*ASSIGNMENT*:
The result should be the listing below, restated exactly, with its pictures left out.

*DATASET ENTRIES*:
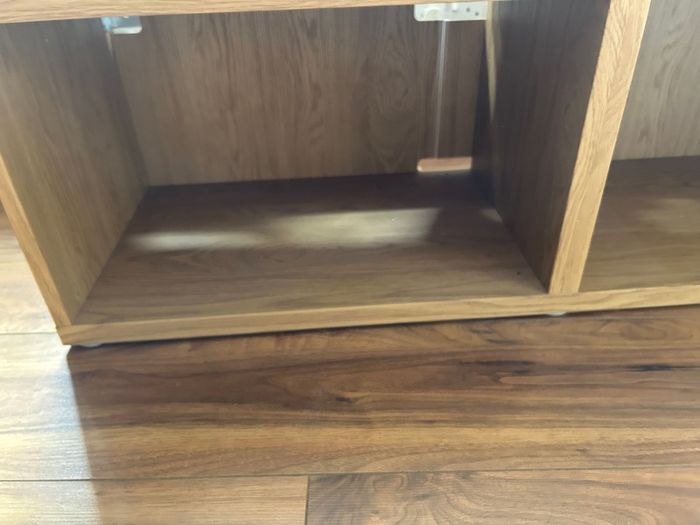Besta Tv Unit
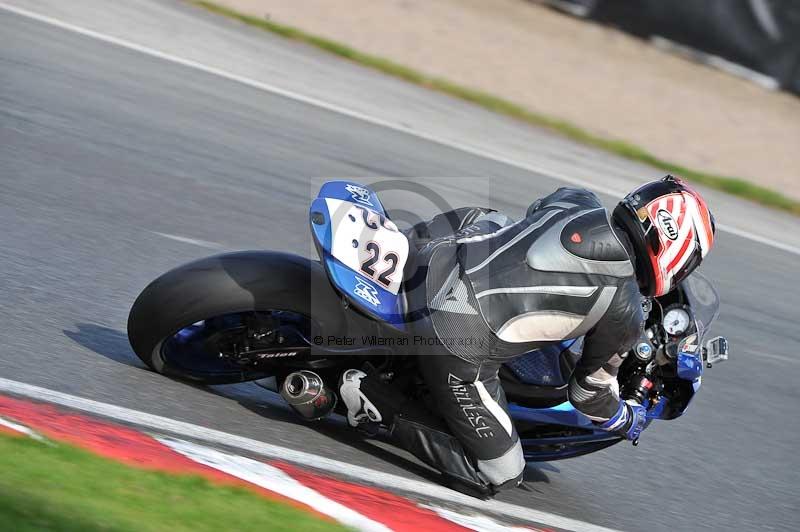 Motorcycle action photographs;event digital images;eventdigitalimages;no limits trackday;oulton park;oulton park circuit cheshire;oulton park photographs;peter wileman photography;trackday;trackday digital images;trackday photos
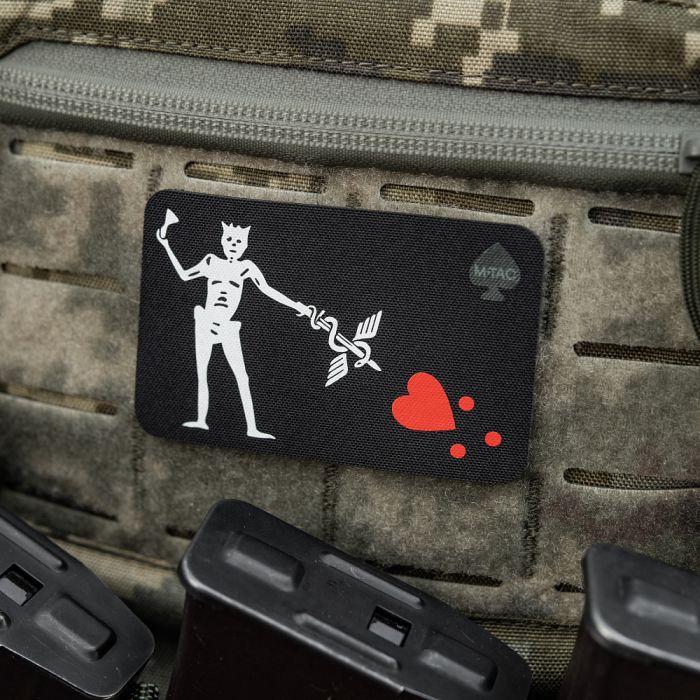 M-Tac нашивка прапор Чорна Борода Медик Black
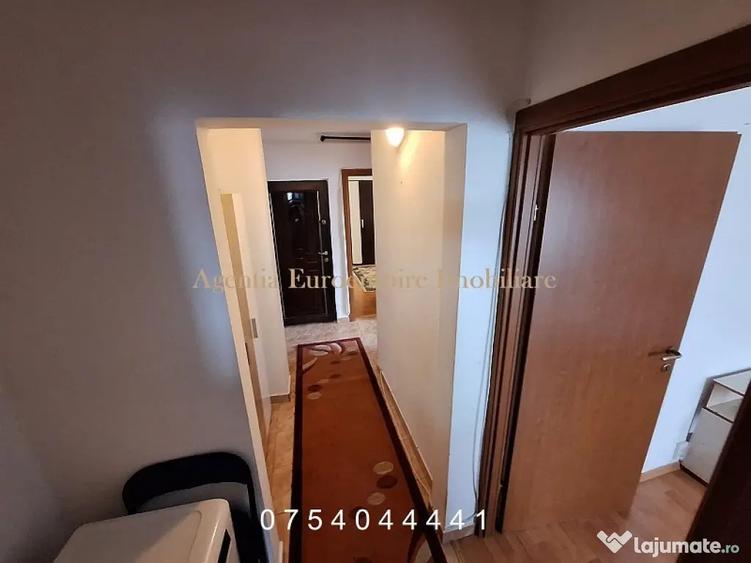 Apartament cu 2 camere decomandat în Capitol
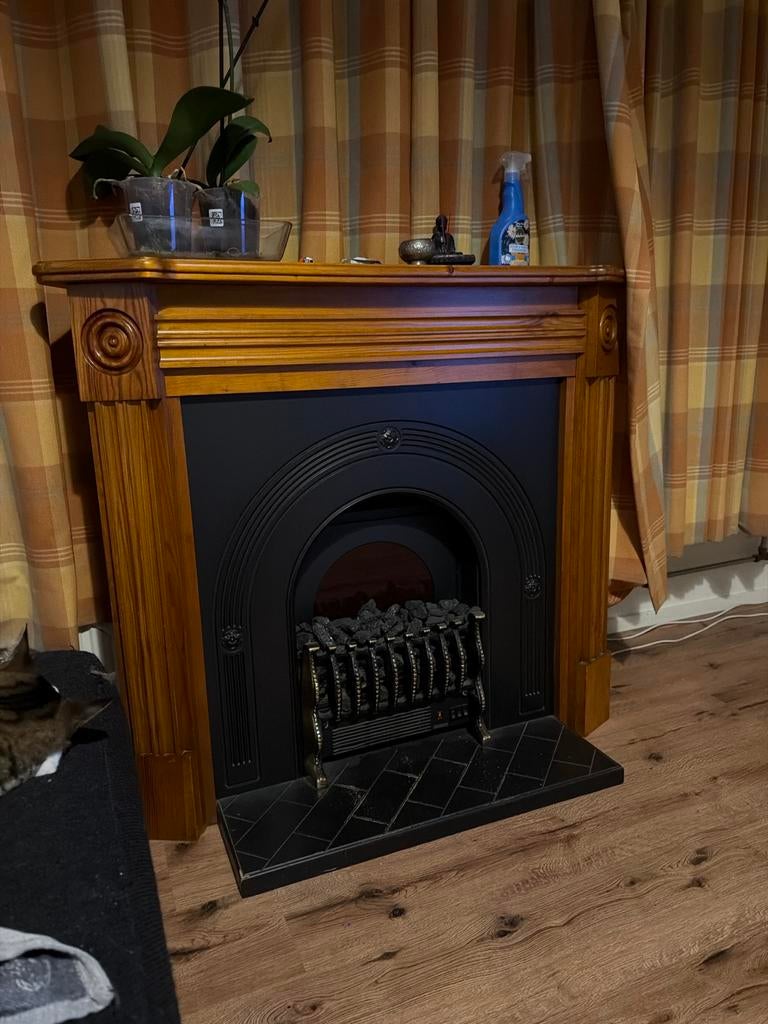 Decoratieve elektrische haard met schouw, Huis en Inrichting, Haarden, Ophalen, Gebruikt, Vrijstaande haard, Elektrische haard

*RESULT OF THIS EXERCISE*:
Besta Tv Unit
 Motorcycle action photographs;event digital images;eventdigitalimages;no limits trackday;oulton park;oulton park circuit cheshire;oulton park photographs;peter wileman photography;trackday;trackday digital images;trackday photos
 M-Tac нашивка прапор Чорна Борода Медик Black
 Apartament cu 2 camere decomandat în Capitol
 Decoratieve elektrische haard met schouw, Huis en Inrichting, Haarden, Ophalen, Gebruikt, Vrijstaande haard, Elektrische haard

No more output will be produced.